%%

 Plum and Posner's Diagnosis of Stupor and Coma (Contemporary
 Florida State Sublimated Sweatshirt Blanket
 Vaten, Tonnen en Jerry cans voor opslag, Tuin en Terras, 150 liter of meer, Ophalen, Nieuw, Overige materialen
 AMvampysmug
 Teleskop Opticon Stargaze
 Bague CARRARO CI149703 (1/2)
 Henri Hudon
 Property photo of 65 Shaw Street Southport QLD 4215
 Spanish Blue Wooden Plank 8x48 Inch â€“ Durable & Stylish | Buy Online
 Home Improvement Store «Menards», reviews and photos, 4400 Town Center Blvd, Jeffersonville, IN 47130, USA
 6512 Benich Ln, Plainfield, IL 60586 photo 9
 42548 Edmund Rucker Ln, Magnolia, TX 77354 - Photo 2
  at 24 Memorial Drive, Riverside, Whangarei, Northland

%%

What the task requires
Nothing but the lines from the one holding "Vaten, Tonnen en" through the end of the listing above should appear, each exactly as given.

Solution below
 Vaten, Tonnen en Jerry cans voor opslag, Tuin en Terras, 150 liter of meer, Ophalen, Nieuw, Overige materialen
 AMvampysmug
 Teleskop Opticon Stargaze
 Bague CARRARO CI149703 (1/2)
 Henri Hudon
 Property photo of 65 Shaw Street Southport QLD 4215
 Spanish Blue Wooden Plank 8x48 Inch â€“ Durable & Stylish | Buy Online
 Home Improvement Store «Menards», reviews and photos, 4400 Town Center Blvd, Jeffersonville, IN 47130, USA
 6512 Benich Ln, Plainfield, IL 60586 photo 9
 42548 Edmund Rucker Ln, Magnolia, TX 77354 - Photo 2
  at 24 Memorial Drive, Riverside, Whangarei, Northland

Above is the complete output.